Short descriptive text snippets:
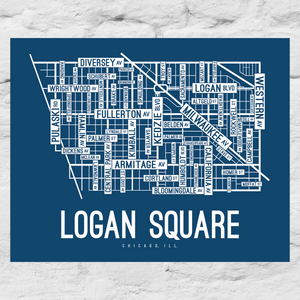 Logan Square, Chicago Street Map Screen Print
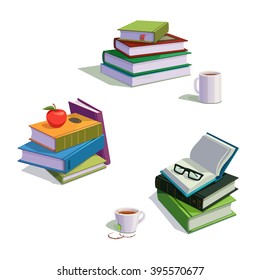 Book stack. set of vector illustrations about reading. book stacks with glasses and cups tea and coffee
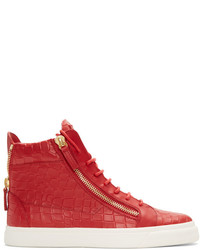 Giuseppe Zanotti Red Croc Embossed London High Top Sneakers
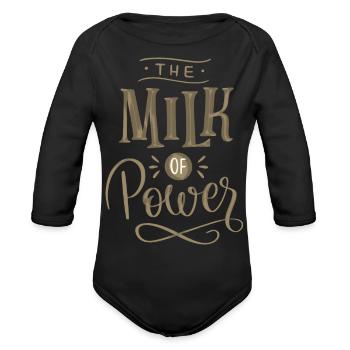 the milk of power - Organic Long Sleeve Baby Bodysuit - black - Front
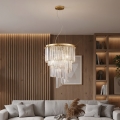 Ideal Lux - Candeeiro suspenso de cristal CARLTON 12xE14/40W/230V diâmetro 50 cm dourado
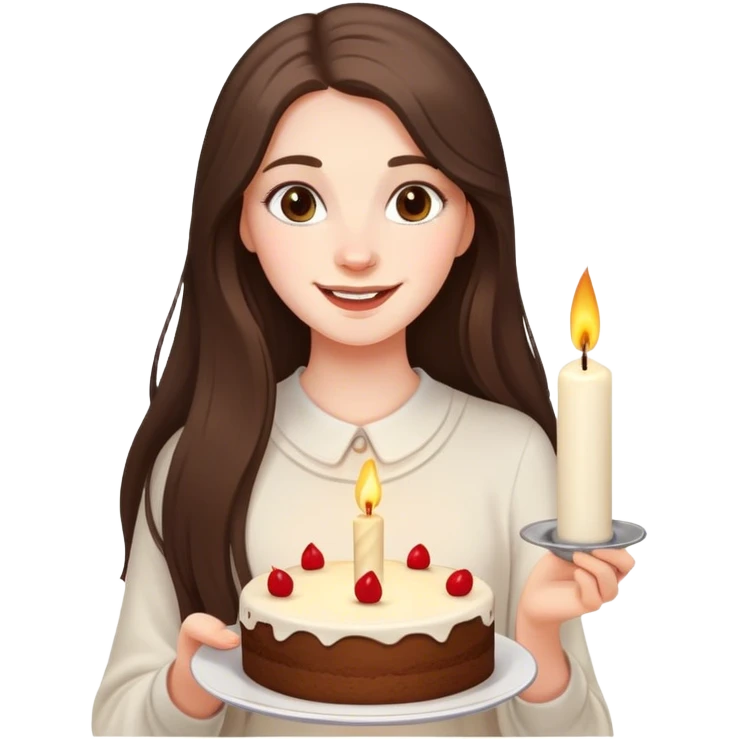 happy beautiful pale brunette girl with long hair holding a piece of cake with candle emoji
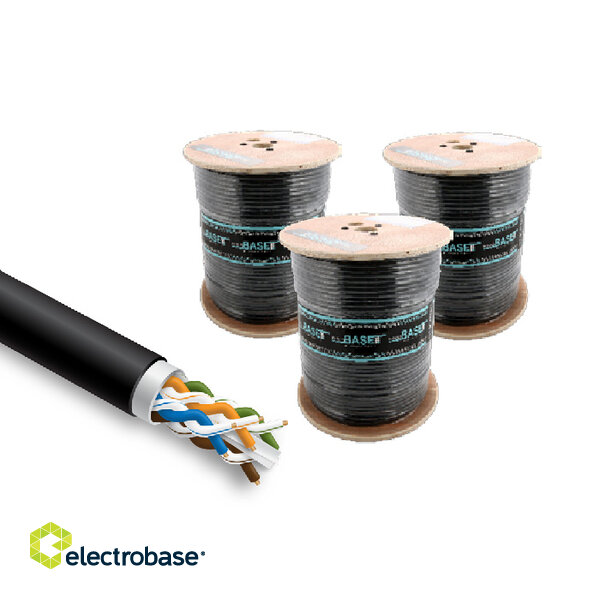 LAN Computer network cable, PRO BASE, CAT5E UTP, for indoor/outdoor installation, 500m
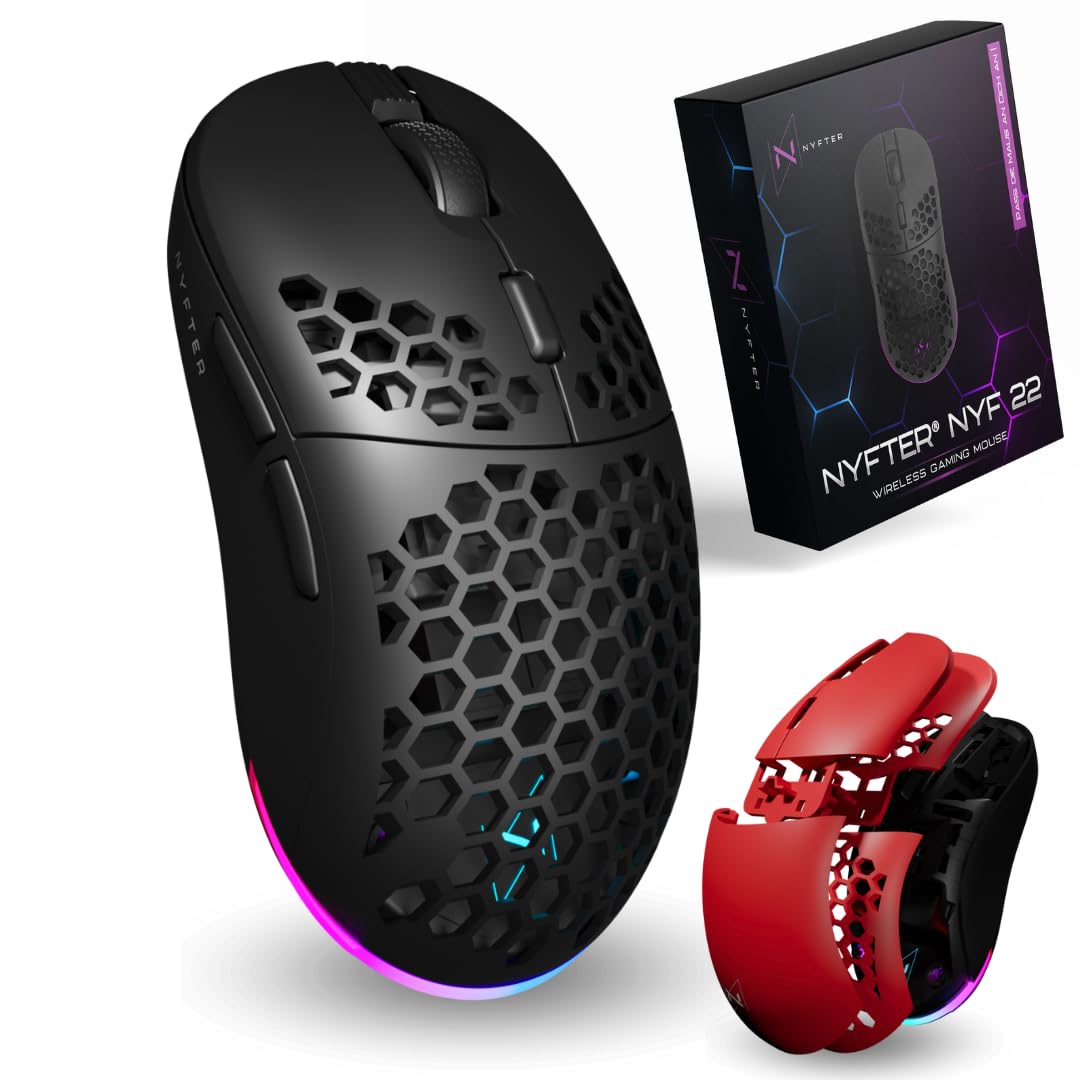 Nyfter - NYF22 Wireless Gaming Mouse Ultraligero 75g Potente con 400mA 19K DPI, 400 IPS 1000 Hz 50h Duración de la batería Duradera Dos Cases intercambiables Incluye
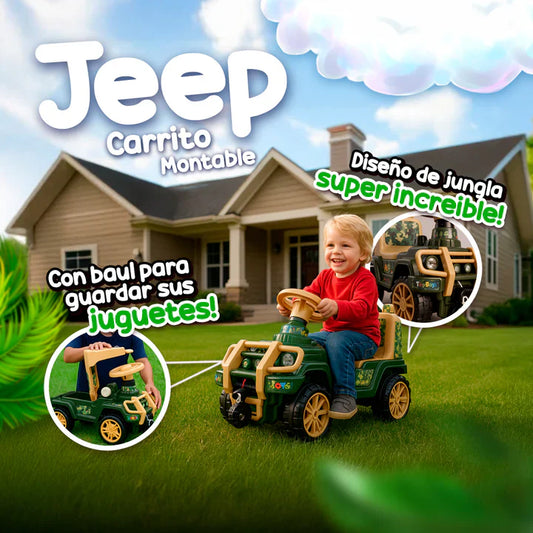 Jeep Carro Jungla Montable Niños + Casco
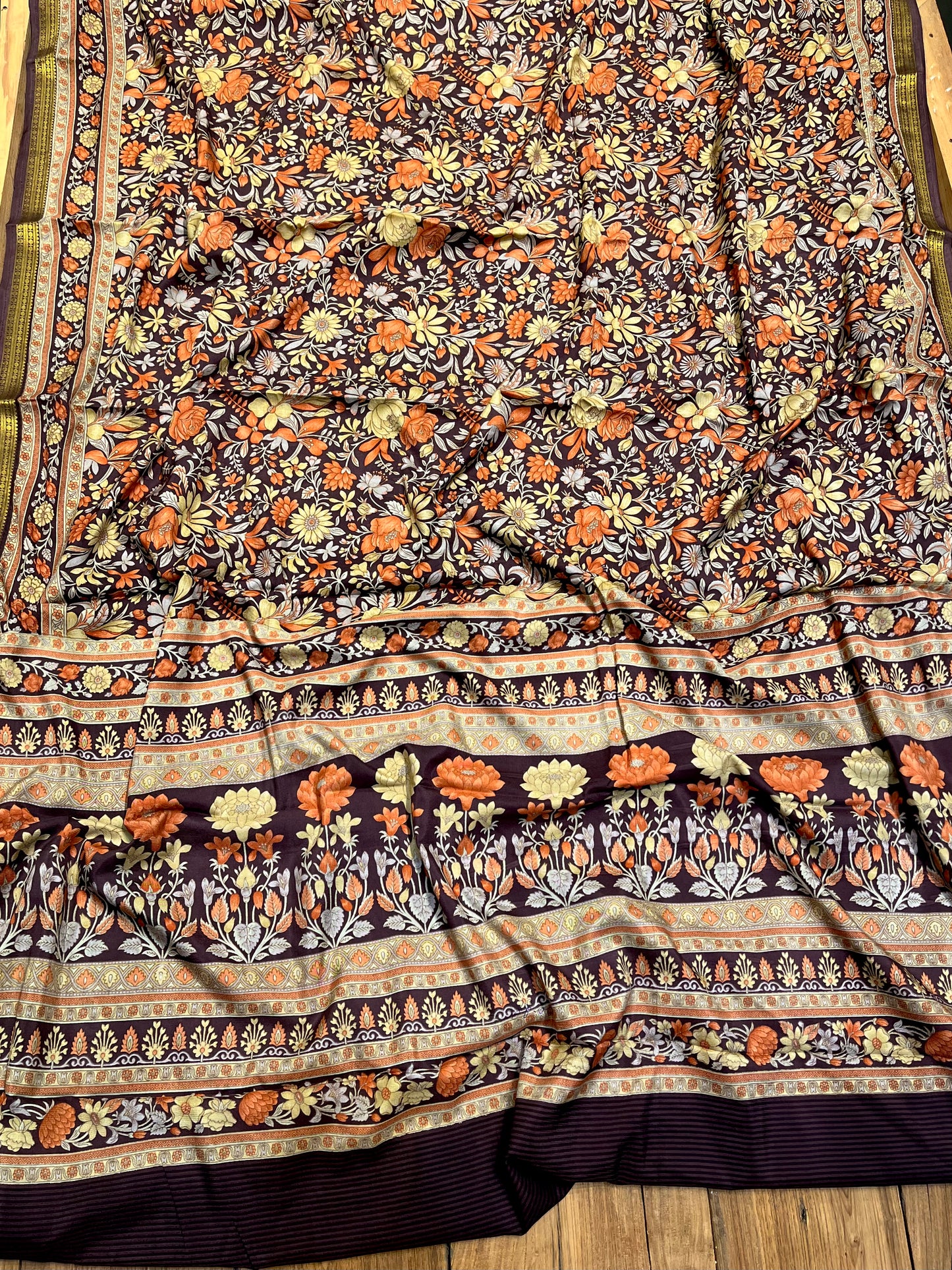 DARK PLUM COLOUR ART CREPE SILK PRINTED SAREE WITH ZARI BORDER (DELIVERY TIME 15 DAYS)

**Exercise description:**
Would you reproduce the lines from the one with "happy beautiful pale" through the final line of the data above, exactly and only those, without any pictures?

**Response to this task:**
 happy beautiful pale brunette girl with long hair holding a piece of cake with candle emoji
 LAN Computer network cable, PRO BASE, CAT5E UTP, for indoor/outdoor installation, 500m
 Nyfter - NYF22 Wireless Gaming Mouse Ultraligero 75g Potente con 400mA 19K DPI, 400 IPS 1000 Hz 50h Duración de la batería Duradera Dos Cases intercambiables Incluye
 Jeep Carro Jungla Montable Niños + Casco
 DARK PLUM COLOUR ART CREPE SILK PRINTED SAREE WITH ZARI BORDER (DELIVERY TIME 15 DAYS)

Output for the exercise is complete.